Being Patient: Do you have any advice for those just embarking on this journey?
Harrison: Do your research. Join the Alzheimer’s Association. I had no idea how wonderful they are and how [many] resources they have out there for you, but you have to know to reach out. Someone has to give you that information for you to know.
“I know it sounds crazy, but I embrace my
Alzheimer’s because that’s the only way I can
get through the day. I can’t [fight] it.
I just have to embrace it.”
I didn’t know anything about the Alzheimer’s Association, but there are all kinds of things that they can help you with. Like I said, the support groups. Here in Lexington, we have what we call Memory Cafe, where you get together with people who like me and do different activities.
In Louisville, there’s a museum open once a month, and it’s free for Alzheimer’s patients. They have a little tour for you. There’s always something going on. I’m very active in the Alzheimer’s walk and have been doing it for three years. I enjoy that.
I would encourage people to talk about your disease. Tell your neighbors. Everybody in my neighborhood knows that I have Alzheimer’s because if I’m outside and I’m not dressed, put me back in the house. Don’t let me be wandering around.
Of course, I’m not there yet, but if you just start the conversation, usually people know somebody who’s had Alzheimer’s or has Alzheimer’s. Some people are afraid to talk about it. I just think it’s very important to be open about your disease because you could be helping somebody else.
Being Patient: We have a question from our audience. Do you find being social helps?
Harrison: Oh, most definitely. The worst thing you can do is not to be social. You have to get out and be around people because you will get worse if you stay home and do nothing. You have to be social. You have to keep using your brain.
If I [weren’t] social, I would just be very depressed. You just have to get involved, and there are all kinds of things out there. You just have to research.
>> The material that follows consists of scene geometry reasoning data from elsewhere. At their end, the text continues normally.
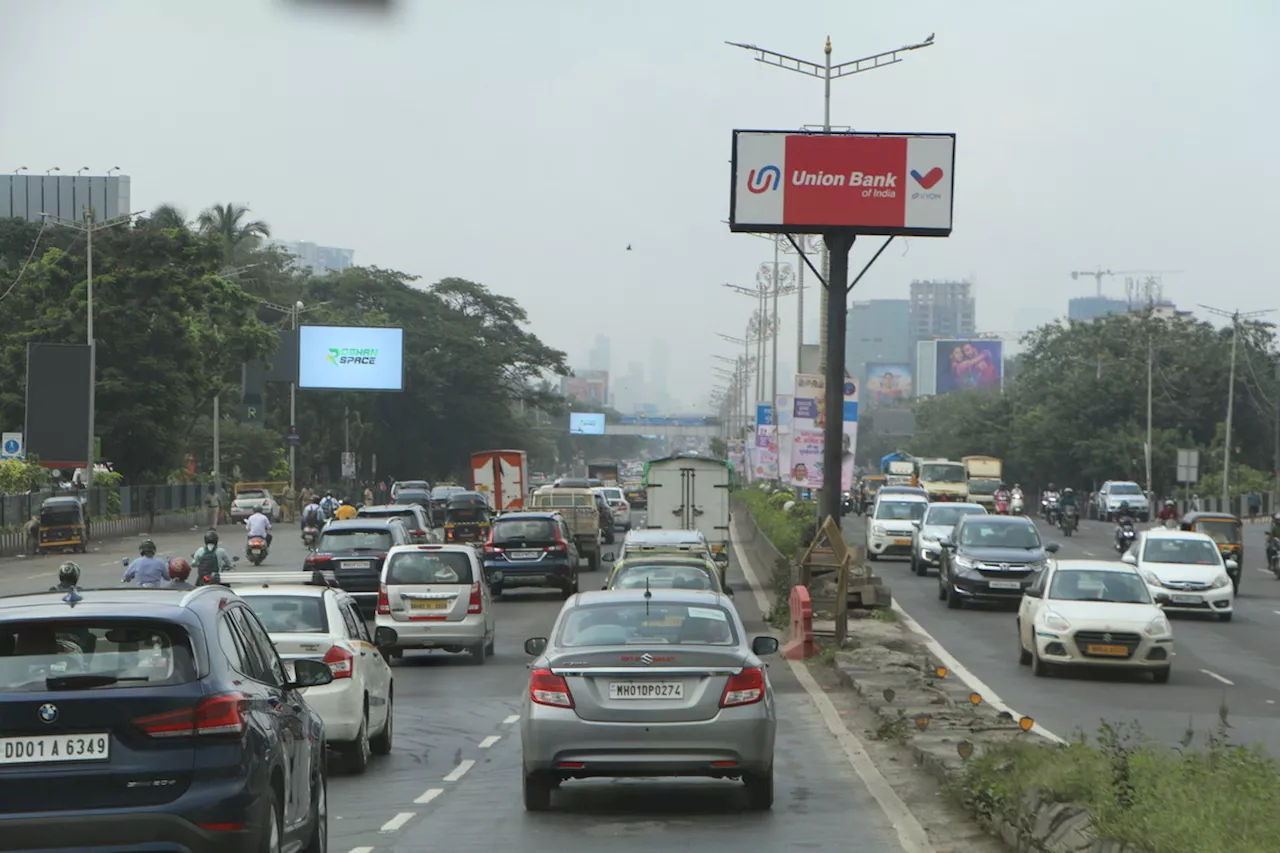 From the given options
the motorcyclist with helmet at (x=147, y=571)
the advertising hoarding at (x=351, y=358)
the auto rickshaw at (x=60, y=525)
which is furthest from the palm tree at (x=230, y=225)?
the motorcyclist with helmet at (x=147, y=571)

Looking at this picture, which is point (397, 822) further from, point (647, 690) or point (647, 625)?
point (647, 625)

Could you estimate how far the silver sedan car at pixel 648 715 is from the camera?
40.3 ft

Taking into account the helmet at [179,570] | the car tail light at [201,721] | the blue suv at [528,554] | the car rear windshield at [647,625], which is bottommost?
the blue suv at [528,554]

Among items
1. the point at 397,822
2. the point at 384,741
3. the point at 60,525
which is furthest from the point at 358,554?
the point at 60,525

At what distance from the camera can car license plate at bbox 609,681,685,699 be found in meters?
12.4

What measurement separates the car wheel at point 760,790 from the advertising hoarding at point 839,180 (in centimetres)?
2428

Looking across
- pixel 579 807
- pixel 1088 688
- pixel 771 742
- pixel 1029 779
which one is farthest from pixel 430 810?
pixel 1088 688

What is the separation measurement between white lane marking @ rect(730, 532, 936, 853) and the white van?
2570 cm

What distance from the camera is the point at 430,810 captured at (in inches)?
509

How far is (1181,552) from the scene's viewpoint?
35250 mm

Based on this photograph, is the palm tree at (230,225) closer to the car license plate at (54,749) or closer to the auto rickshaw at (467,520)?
the auto rickshaw at (467,520)

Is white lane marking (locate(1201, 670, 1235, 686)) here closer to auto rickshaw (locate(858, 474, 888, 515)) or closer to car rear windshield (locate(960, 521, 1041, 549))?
car rear windshield (locate(960, 521, 1041, 549))

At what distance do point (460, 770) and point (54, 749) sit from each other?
25.7ft

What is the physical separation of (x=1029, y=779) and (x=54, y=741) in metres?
6.02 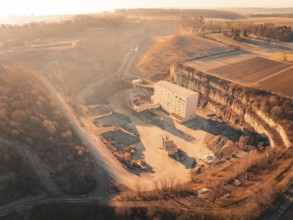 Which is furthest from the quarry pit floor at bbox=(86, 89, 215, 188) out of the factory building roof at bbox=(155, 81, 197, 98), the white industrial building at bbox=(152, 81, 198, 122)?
the factory building roof at bbox=(155, 81, 197, 98)

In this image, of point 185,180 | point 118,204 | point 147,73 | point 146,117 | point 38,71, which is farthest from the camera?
point 147,73

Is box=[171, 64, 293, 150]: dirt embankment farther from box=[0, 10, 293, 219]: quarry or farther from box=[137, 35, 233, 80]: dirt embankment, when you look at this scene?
box=[137, 35, 233, 80]: dirt embankment

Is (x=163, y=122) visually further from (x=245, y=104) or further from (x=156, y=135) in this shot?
(x=245, y=104)

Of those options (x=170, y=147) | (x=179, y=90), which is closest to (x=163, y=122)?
(x=179, y=90)

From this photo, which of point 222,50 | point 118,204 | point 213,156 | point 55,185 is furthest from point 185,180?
point 222,50

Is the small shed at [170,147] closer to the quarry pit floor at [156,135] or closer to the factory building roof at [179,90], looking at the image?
the quarry pit floor at [156,135]

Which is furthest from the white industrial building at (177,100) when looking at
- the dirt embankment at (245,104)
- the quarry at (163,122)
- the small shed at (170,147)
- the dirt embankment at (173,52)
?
the dirt embankment at (173,52)

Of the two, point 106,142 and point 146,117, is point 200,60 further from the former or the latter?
point 106,142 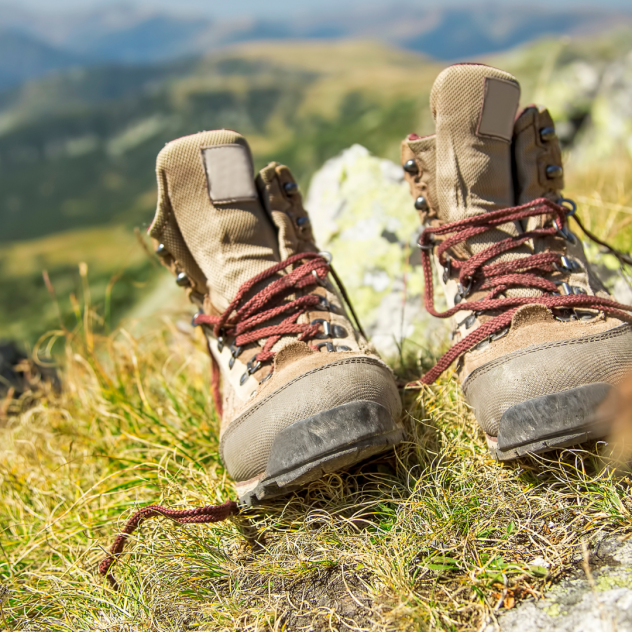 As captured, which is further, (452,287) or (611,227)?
(611,227)

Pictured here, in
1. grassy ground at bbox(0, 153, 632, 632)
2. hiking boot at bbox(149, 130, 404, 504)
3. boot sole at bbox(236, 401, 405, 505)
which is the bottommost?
grassy ground at bbox(0, 153, 632, 632)

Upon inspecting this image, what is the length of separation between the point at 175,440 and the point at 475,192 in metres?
1.88

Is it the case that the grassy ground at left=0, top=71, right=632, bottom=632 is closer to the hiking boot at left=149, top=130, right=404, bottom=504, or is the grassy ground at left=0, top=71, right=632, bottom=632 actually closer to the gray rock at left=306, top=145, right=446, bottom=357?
the hiking boot at left=149, top=130, right=404, bottom=504

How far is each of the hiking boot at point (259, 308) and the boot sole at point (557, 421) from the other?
1.32 feet

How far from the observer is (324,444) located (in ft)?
5.69

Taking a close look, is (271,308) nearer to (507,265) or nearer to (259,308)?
(259,308)

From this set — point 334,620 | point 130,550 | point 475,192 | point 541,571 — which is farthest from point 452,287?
point 130,550

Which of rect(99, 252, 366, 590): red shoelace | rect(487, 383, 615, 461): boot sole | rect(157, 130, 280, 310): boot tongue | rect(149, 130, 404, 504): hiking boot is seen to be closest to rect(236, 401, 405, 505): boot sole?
rect(149, 130, 404, 504): hiking boot

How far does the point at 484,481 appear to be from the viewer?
192cm

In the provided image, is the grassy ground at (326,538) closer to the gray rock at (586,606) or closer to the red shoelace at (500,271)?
the gray rock at (586,606)

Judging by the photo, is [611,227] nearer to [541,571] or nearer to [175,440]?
[541,571]

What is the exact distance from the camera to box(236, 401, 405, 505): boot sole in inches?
68.4

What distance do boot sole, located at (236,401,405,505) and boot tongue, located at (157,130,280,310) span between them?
0.91 m

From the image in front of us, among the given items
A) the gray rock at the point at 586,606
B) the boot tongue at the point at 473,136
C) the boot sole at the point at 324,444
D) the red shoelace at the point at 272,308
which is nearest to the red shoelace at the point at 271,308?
the red shoelace at the point at 272,308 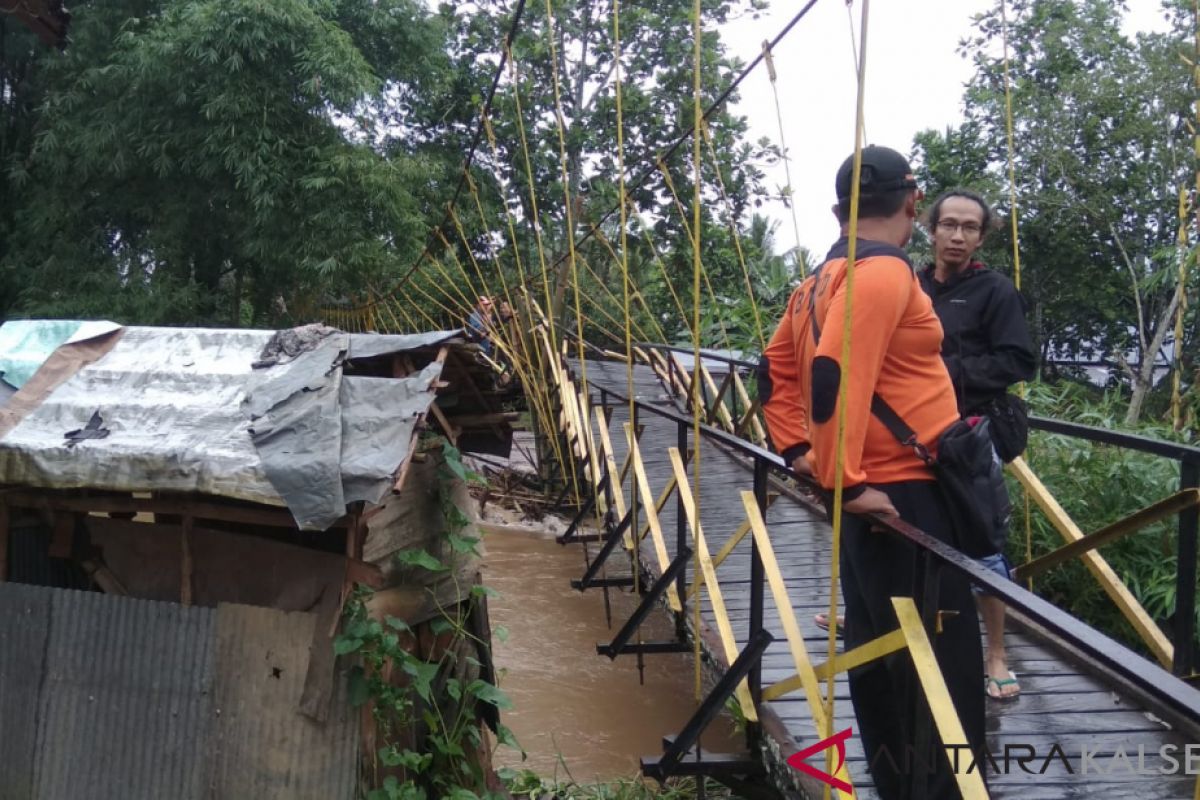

Being Patient: What’s next for you?
Harrison: The NIH has reached out to me and asked me to be on a committee, which is kind of scary. I did this when I was in Washington, where everybody on that panel, scientists and doctors, and I’m so out of my league.
“I just think it’s very important to be open
about your disease because you
could be helping somebody else.”
He wants to nominate me, and it has to be approved by the bureaucracy. He’ll let me know in a couple of months. If I do that, I’ll be traveling to Rhode Island for those meetings, and the walk is coming up in October. My calendar stays very busy because I am very vocal about this disease.
I will tell you, though, it took me two years to come to grips with this. My first two years were very difficult. That’s why I try to reach out to people; I don’t want them to go through what I did during those first two years. I’m happy now. I’m adjusted. People are lost, and it just breaks my heart.
Katy Koop is a writer and theater artist based in Raleigh, NC.